In terms of experimental methods, researchers at the University of Edinburgh have also shown innovation. Previous studies have had a limitation: they have been largely limited by the use of cytosine-guanine pairs at a time and the binary outcome, linear hypothesis. The researchers offer an updated approach to this, based on a series of linear and tree-ensemble models that combine time-to-time data to make predictions.
The researchers then created several potential models by combining the two data, and trained the algorithm model in a cohort of nearly 10,000 people, and found that a total of 374 people developed type 2 diabetes.
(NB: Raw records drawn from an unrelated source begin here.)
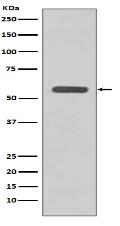 STK3 Antibody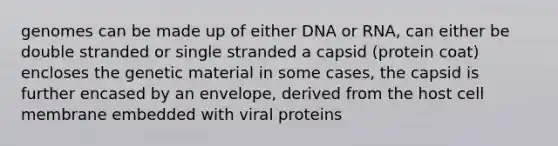 genomes can be made up of either DNA or RNA, can either be double stranded or single stranded a capsid (protein coat) encloses the genetic material in some cases, the capsid is further encased by an envelope, derived from the host cell membrane embedded with viral proteins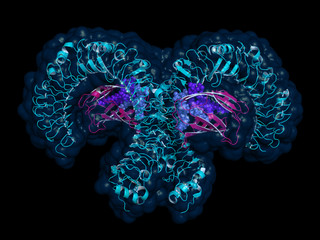 Toll-like receptor (TLR4) bound to MD2 (violet) and LPS (lipopolysaccharide; purple). Proteins shown as cartoon, space-filling model of LPS, semi-transparent surface.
For further research and analysis, the researchers applied these models to another group of subjects and found that the area under the curve of the model that performed best among all the models was 0.872.
Based on this value, the researchers believe that the model shows a significant improvement in 10-year risk prediction ability compared to standard non-methylation assessment methods, because the area under the model curve of the non-methylation assessment method is 0.839. After repeated analysis and extrapolating the predictive performance of the relevant model, the researchers concluded that if applied to a population of 10,000 people with nearly one-third of the population who will develop diabetes in the next 10 years, the model's current risk assessment capabilities can correctly identify relatively many high-risk individuals than the standard assessment method without methylation.
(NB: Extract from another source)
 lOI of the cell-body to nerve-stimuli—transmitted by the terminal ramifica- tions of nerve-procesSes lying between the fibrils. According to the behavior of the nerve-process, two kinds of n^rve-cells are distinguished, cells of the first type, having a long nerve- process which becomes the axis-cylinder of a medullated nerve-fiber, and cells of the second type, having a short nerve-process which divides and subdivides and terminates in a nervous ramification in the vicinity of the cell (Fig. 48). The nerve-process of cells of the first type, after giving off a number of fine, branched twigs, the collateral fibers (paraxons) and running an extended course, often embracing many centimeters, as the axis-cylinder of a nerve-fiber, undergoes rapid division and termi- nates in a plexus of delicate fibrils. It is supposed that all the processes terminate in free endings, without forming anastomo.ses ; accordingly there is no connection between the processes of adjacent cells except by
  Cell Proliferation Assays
And the researchers say the model can not only predict the risk of type 2 diabetes, but eventually serve as a tool to assess risk scores for other diseases. When we are faced with other common diseases, we may be able to use a similar approach to generate a wide range of health predictors based on a single saliva or blood sample
It can be said that this research is of great significance, not only to give high-risk groups the opportunity to develop corresponding preventive measures before the onset of diabetes, but also to capture the early "alarm" of the disease in order to improve the treatment outcomes of high-risk people with diabetes on a broader scale. At the same time, this research is possible, and it can also help us more accurately identify the signals sent by diseases that reduce and delay aging.
Bibliography:
[1] Danni A. Gadd, Christian Gieger.Development and validation of DNA methylation scores in two European cohorts augment 10-year risk prediction of type 2 diabetes.2023.04.06.
[2] Harding, Edward W. Gregg.Young-onset type 2 diabetes mellitus — implications for morbidity and mortality.2020.03.20.